* _The problem_
Locate the line that contains "Premium Vintage 24th" in the entries below, then repeat it and every following line through the line that contains "Рубашка поло унисекс", exactly, and no others.

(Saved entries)
§ §

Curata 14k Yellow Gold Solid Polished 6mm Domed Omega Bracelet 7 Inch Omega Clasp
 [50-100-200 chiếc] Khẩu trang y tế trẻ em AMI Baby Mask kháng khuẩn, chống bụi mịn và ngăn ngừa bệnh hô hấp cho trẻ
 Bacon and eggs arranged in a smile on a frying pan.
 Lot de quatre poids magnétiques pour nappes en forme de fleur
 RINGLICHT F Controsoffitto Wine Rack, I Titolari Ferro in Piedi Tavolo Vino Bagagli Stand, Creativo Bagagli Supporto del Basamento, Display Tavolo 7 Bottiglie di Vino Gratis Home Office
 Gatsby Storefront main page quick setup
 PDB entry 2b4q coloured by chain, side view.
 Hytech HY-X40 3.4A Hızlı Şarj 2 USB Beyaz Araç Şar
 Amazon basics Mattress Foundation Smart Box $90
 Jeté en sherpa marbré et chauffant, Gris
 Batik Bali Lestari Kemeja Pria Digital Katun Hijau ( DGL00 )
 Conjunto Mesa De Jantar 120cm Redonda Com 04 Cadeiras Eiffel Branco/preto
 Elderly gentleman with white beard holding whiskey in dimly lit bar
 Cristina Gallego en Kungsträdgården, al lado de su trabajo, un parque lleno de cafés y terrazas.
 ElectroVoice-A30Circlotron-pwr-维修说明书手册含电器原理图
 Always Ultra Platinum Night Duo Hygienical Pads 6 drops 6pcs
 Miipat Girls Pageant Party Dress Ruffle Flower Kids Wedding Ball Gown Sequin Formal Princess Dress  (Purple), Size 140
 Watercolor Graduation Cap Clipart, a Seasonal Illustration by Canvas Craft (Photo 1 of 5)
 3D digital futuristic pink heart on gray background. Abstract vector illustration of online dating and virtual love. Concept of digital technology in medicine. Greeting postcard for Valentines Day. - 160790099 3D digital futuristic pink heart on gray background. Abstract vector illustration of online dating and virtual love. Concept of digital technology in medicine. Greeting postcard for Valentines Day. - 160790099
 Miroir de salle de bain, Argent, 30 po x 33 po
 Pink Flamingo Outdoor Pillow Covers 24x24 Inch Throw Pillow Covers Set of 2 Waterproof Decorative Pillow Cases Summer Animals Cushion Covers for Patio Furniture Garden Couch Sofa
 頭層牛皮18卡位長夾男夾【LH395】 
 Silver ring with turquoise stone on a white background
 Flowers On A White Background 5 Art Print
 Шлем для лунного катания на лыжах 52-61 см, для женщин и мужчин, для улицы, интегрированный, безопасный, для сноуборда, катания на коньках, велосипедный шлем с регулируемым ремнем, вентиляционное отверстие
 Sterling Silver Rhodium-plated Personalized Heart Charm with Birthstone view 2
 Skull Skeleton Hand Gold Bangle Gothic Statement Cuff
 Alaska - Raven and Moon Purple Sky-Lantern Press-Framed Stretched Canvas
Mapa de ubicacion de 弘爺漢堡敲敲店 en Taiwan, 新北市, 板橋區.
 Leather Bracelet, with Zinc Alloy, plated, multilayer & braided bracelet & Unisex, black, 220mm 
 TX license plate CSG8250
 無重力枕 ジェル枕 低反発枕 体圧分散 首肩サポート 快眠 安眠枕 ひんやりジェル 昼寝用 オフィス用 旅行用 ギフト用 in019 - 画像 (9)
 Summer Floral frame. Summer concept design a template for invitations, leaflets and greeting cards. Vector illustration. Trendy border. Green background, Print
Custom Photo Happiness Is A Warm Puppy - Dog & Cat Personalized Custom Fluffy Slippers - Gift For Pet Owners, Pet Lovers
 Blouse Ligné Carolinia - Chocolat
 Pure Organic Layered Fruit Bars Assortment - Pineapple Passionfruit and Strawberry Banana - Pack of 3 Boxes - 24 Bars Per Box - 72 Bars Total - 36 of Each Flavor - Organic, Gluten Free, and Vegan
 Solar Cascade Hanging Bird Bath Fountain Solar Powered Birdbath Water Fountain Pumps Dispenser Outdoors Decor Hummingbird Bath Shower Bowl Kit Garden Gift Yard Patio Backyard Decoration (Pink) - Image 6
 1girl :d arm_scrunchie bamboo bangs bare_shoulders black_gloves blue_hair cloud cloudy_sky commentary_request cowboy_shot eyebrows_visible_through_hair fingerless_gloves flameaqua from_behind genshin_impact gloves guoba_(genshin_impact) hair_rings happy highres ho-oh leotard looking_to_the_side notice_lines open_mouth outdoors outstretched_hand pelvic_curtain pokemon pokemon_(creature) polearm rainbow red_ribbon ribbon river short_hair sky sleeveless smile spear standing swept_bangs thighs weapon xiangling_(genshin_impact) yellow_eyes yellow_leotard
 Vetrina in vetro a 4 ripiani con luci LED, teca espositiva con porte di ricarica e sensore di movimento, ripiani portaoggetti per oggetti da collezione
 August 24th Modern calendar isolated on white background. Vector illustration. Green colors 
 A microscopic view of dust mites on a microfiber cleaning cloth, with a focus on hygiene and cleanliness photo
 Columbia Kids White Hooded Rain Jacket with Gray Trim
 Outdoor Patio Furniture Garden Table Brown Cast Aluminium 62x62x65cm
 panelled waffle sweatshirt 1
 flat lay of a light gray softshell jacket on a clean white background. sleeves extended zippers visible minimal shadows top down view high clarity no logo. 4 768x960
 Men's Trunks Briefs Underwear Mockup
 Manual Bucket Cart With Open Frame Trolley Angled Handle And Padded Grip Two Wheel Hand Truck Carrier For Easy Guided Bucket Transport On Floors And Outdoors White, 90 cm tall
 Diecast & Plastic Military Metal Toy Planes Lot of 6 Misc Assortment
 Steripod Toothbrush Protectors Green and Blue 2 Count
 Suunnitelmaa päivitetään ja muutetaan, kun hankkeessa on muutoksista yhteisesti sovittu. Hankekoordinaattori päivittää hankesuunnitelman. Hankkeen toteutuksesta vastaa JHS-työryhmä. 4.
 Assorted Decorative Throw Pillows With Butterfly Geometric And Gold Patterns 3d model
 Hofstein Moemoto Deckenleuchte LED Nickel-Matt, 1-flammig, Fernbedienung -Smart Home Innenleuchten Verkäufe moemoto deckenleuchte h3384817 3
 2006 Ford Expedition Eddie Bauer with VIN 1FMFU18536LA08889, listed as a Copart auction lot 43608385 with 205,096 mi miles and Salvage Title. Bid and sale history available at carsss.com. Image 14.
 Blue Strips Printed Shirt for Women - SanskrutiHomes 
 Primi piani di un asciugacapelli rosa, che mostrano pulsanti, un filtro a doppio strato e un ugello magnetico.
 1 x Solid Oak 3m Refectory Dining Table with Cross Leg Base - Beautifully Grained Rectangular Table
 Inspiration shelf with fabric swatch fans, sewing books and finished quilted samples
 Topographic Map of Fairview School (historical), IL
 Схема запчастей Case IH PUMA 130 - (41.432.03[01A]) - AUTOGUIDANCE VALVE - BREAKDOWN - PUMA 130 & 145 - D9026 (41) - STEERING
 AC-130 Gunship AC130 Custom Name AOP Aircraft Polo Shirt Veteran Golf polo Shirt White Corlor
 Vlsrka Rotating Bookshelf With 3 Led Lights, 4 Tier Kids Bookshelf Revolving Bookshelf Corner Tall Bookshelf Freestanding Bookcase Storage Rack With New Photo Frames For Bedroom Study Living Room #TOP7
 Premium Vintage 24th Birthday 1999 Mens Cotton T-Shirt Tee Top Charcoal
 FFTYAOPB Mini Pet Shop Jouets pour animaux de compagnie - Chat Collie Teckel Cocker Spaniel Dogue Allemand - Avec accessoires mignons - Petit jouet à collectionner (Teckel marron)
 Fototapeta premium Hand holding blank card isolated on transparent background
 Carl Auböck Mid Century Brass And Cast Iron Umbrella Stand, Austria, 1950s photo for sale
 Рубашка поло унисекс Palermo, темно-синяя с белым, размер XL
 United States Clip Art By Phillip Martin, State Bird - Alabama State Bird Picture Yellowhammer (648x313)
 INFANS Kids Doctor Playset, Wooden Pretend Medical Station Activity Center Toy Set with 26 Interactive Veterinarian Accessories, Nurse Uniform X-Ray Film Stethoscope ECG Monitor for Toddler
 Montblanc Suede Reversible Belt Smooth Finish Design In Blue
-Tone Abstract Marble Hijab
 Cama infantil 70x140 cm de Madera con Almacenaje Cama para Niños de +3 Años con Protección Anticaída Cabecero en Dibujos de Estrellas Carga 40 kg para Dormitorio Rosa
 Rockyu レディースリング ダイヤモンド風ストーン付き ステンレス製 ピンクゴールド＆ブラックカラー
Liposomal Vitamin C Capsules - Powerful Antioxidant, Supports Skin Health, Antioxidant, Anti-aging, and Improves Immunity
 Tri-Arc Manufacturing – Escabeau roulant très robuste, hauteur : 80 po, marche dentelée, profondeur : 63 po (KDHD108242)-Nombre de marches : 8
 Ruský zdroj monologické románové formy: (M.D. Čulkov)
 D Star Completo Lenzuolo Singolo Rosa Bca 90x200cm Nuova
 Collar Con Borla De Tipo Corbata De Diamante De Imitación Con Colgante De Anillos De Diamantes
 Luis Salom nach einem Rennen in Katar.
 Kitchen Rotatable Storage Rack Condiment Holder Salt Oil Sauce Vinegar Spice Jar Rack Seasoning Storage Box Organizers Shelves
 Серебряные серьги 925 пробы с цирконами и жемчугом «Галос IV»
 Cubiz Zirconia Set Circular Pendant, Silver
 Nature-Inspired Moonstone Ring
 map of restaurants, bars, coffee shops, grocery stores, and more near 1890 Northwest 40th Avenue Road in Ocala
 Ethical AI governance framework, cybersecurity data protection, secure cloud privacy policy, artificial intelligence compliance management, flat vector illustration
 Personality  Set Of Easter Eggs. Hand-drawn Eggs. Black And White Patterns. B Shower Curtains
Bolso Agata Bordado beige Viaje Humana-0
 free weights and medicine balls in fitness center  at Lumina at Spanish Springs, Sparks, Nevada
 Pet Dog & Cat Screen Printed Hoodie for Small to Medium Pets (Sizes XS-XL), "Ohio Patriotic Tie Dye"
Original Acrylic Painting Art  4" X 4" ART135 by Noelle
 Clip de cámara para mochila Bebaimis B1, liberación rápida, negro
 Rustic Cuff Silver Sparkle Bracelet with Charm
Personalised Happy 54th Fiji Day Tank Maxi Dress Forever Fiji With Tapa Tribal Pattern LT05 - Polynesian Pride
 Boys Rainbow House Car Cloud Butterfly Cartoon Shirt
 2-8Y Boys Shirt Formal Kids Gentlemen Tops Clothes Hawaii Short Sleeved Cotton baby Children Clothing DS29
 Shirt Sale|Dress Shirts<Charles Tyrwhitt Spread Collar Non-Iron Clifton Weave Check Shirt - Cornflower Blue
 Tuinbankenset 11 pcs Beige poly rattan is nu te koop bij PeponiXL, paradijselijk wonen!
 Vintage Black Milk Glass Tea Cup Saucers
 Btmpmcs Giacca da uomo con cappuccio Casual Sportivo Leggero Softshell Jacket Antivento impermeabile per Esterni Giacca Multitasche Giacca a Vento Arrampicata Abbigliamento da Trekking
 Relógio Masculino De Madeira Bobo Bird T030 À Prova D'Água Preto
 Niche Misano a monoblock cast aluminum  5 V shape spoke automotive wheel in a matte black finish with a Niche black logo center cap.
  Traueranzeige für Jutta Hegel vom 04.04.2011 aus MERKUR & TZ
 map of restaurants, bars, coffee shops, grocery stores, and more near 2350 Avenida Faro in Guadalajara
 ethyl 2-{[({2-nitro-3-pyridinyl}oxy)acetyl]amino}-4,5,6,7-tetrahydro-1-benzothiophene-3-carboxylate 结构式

§ §

* _Response for this exercise_
 Premium Vintage 24th Birthday 1999 Mens Cotton T-Shirt Tee Top Charcoal
 FFTYAOPB Mini Pet Shop Jouets pour animaux de compagnie - Chat Collie Teckel Cocker Spaniel Dogue Allemand - Avec accessoires mignons - Petit jouet à collectionner (Teckel marron)
 Fototapeta premium Hand holding blank card isolated on transparent background
 Carl Auböck Mid Century Brass And Cast Iron Umbrella Stand, Austria, 1950s photo for sale
 Рубашка поло унисекс Palermo, темно-синяя с белым, размер XL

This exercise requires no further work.